And this was the actual status of Jesus of Nazareth
as he went forth to begin his public ministry on
Urantia.
6. THE SECOND DECISION
136:6.1
Having settled his policy concerning all
personalities of all classes of his created
intelligences, so far as this could be determined in
view of the inherent potential of his new status of
divinity, Jesus now turned his thoughts toward
himself. What would he, now the fully self-conscious
creator of all things and beings existent in this
universe, do with these creator prerogatives in the
recurring life situations which would immediately
confront him when he returned to Galilee to resume
his work among men? In fact, already, and right
where he was in these lonely hills, had this problem
forcibly presented itself in the matter of obtaining
food. By the third day of his solitary meditations
the human body grew hungry.
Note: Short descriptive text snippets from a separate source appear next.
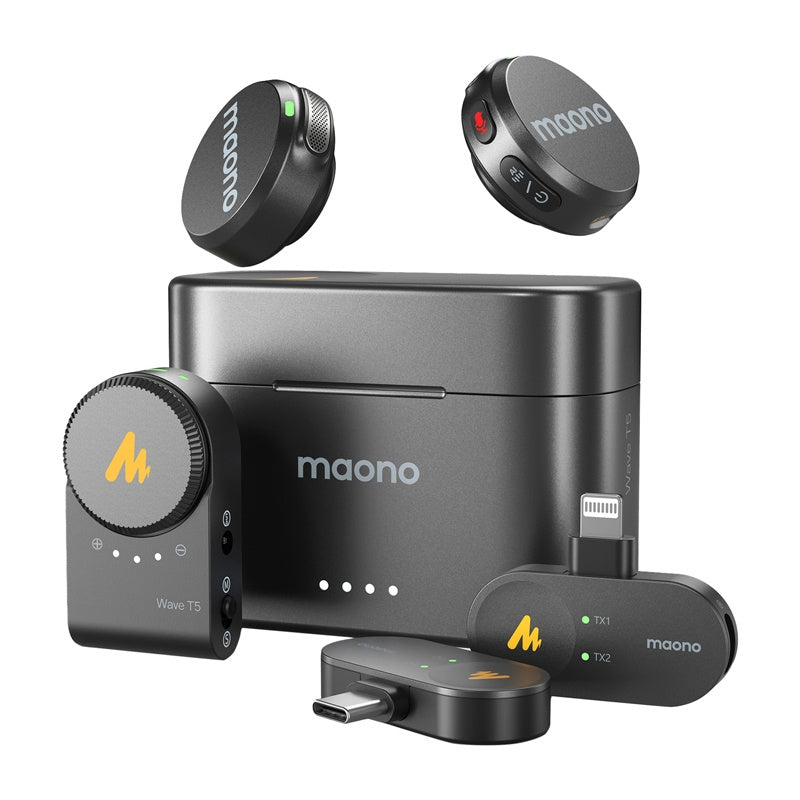 Maono WM650 A3 Microphone - Product Image 2
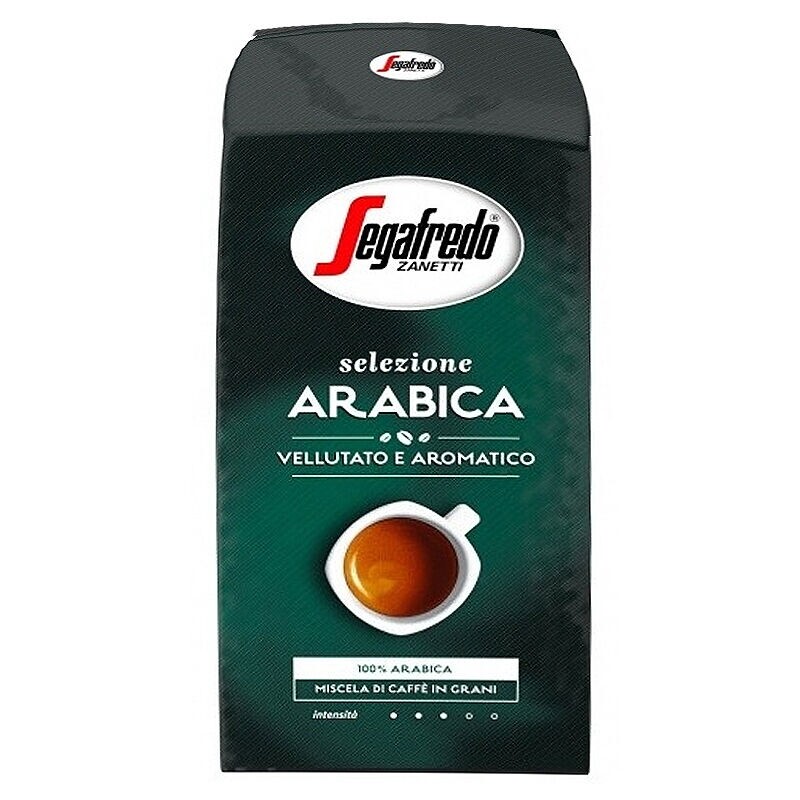 Segafredo Selezione 100% Arábica en grano 1 kilo
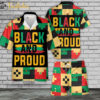 Black Live Matter Hawaiian Shirt Set | Black Month History Hawaiian Shirt | Unisex Hawaiian Set | Racism Hawaiian Style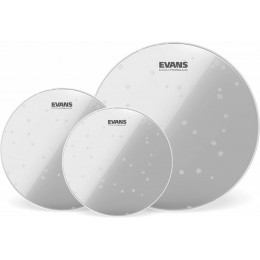 Пластики для барабанов (набор) EVANS ETP-HYDGL-F Пластики для барабанов (набор) EVANS ETP-HYDGL-F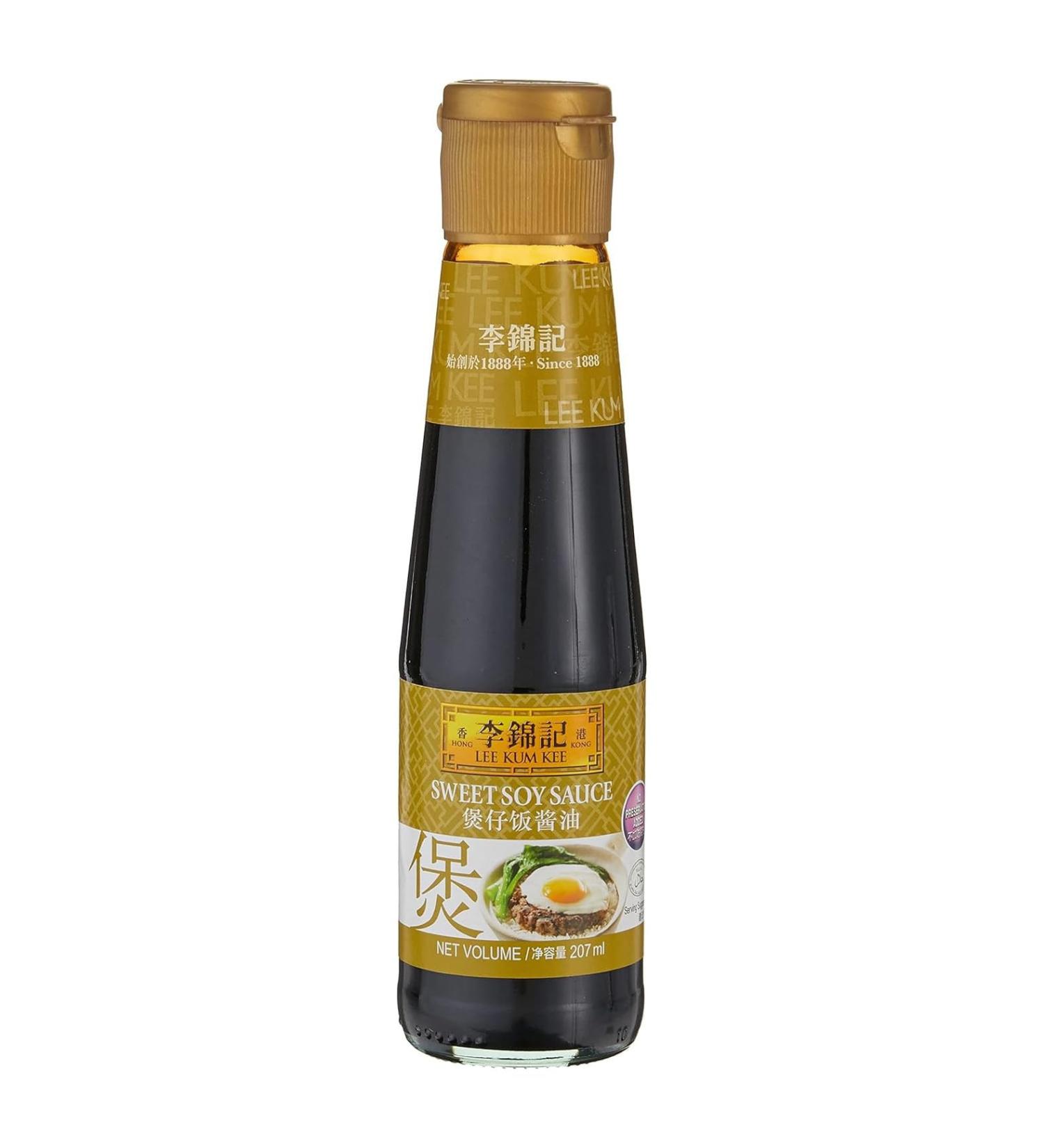  Lee Kum Kee Lee Kum Kee Cute Soy Sauce 218ml - Buy Online on GoSupps.com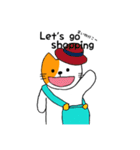 英語・日本語 kei（個別スタンプ：32）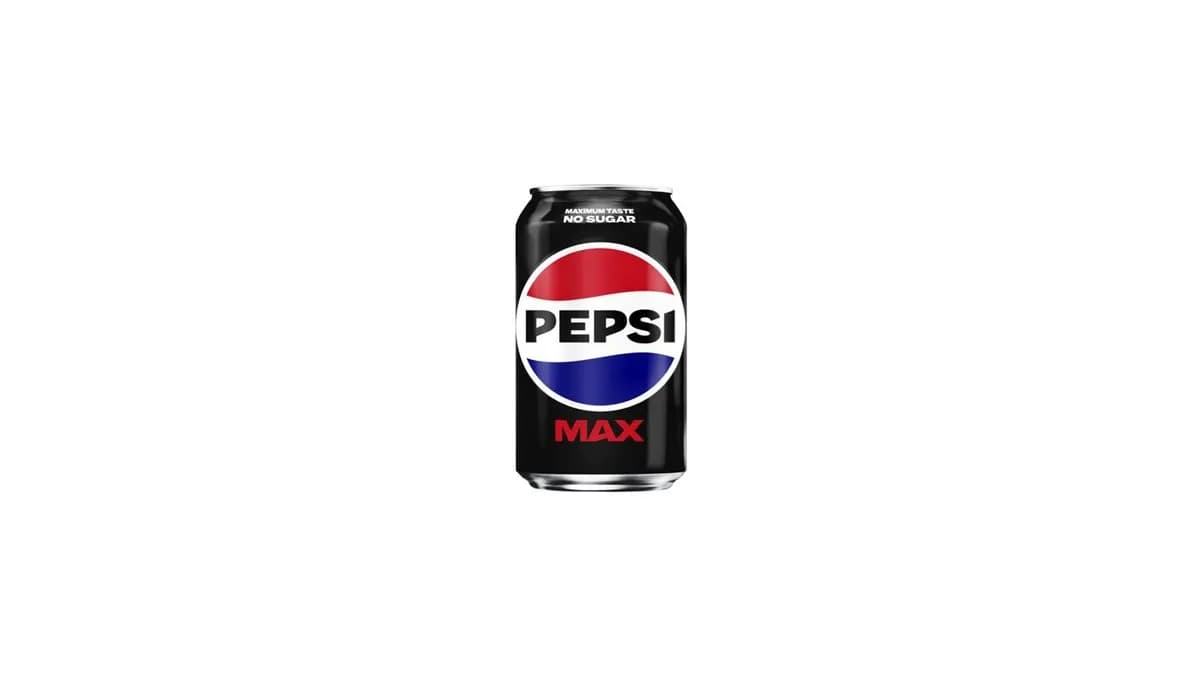 Pepsi Max 0,33l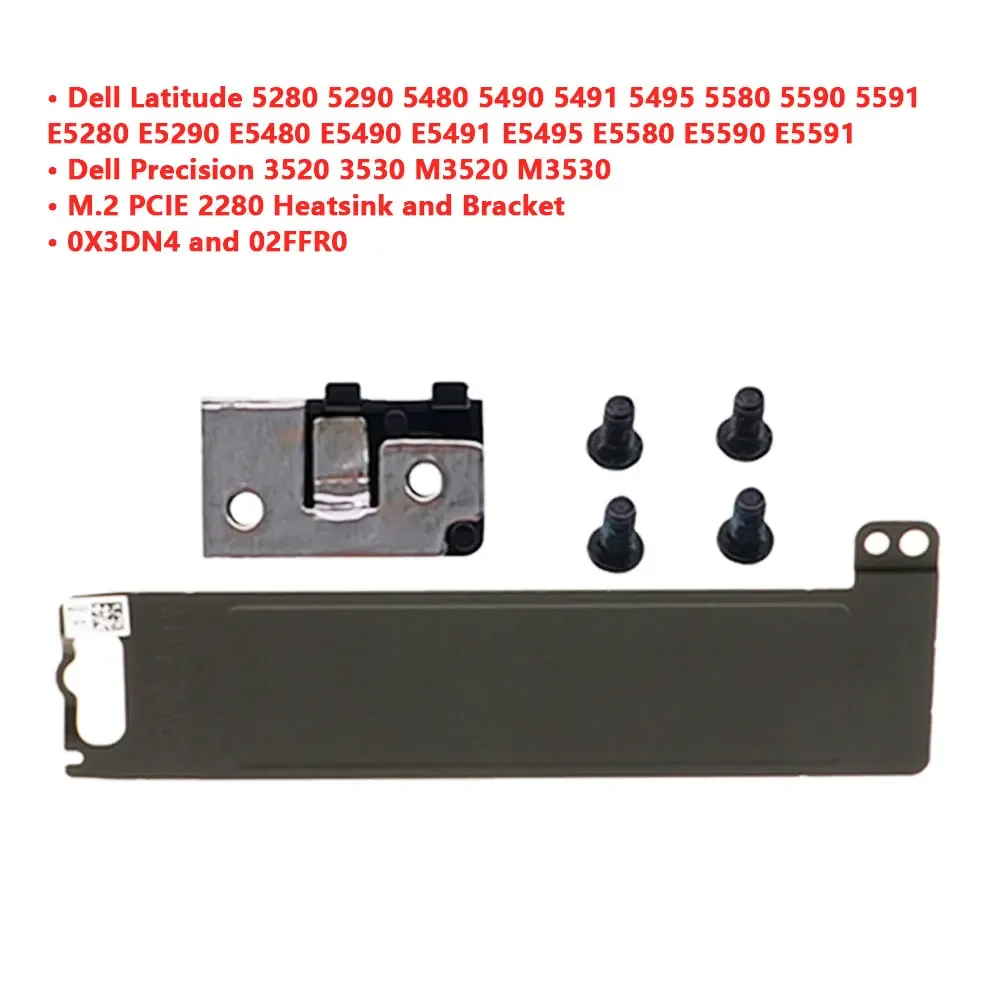 Latitude 5480 Dell Latitude 5580 Ssd Replacement New 7W358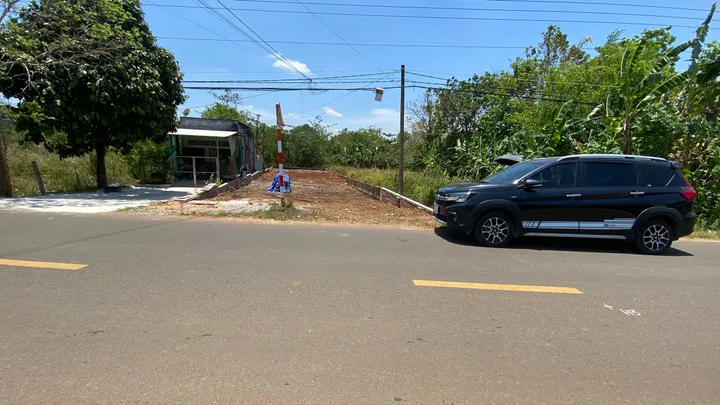 Đất mặt tiền đường nhựa, chính chủ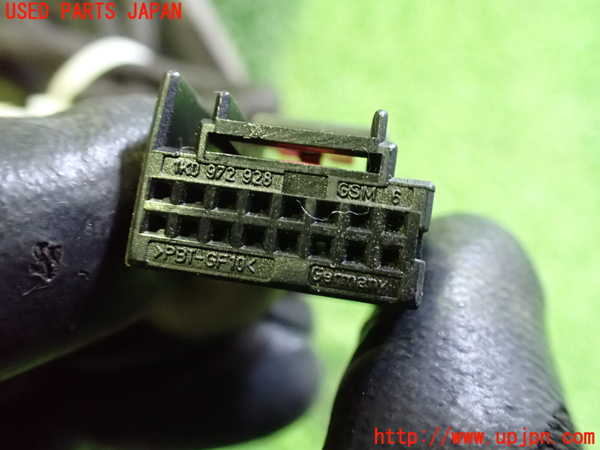 2UPJ-26331210]VW ゴルフ カブリオレ(カブリオ)(1KCAVK)右ドアミラー 中古_m0004.jpg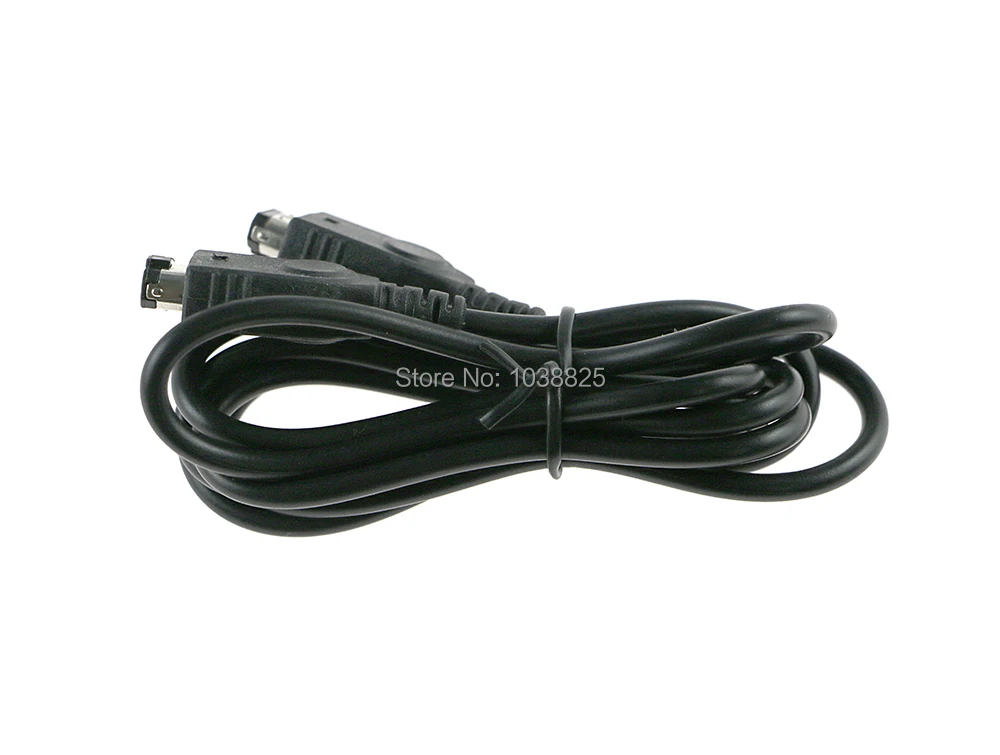 Two Game System Link Cable Two Player Adapter For Nintendo GBA&GBA SP play against cable ChengChengDianWan
Two Game System Link Cable Two Player Adapter For Nintendo GBA&GBA SP play against cable ChengChengDianWan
Should he go in quest of
food as any ordinary man would, or should he merely
exercise his normal creative powers and produce
suitable bodily nourishment ready at hand? And this
great decision of the Master has been portrayed to
you as a temptation -- as a challenge by supposed
enemies that he "command that these stones become
loaves of bread."
136:6.2
Jesus thus settled upon another and consistent
policy for the remainder of his earth labors. As far
as his personal necessities were concerned, and in
general even in his relations with other
personalities, he now deliberately chose to pursue
the path of normal earthly existence; he definitely
decided against a policy which would transcend,
violate, or outrage his own established natural
laws. But he could not promise himself, as he had
already been warned by his Personalized Adjuster,
that these natural laws might not, in certain
conceivable circumstances, be greatly
accelerated.
In principle, Jesus decided that his lifework should
be organized and prosecuted in accordance with
natural law and in harmony with the existing social
organization. The Master thereby chose a program of
living which was the equivalent of deciding against
miracles and wonders. Again he decided in favor of
"the Father's will"; again he surrendered everything
into the hands of his Paradise Father.
136:6.3
Jesus' human nature dictated that the first duty was
self-preservation; that is the normal attitude of
the natural man on the worlds of time and space, and
it is, therefore, a legitimate reaction of a Urantia
mortal. But Jesus was not concerned merely with this
world and its creatures; he was living a life
designed to instruct and inspire the manifold
creatures of a far-flung universe.
136:6.4
Before his baptismal illumination he had lived in
perfect submission to the will and guidance of his
heavenly Father. He emphatically decided to continue
on in just such implicit mortal dependence on the
Father's will. He purposed to follow the unnatural
course -- he decided not to seek self-preservation.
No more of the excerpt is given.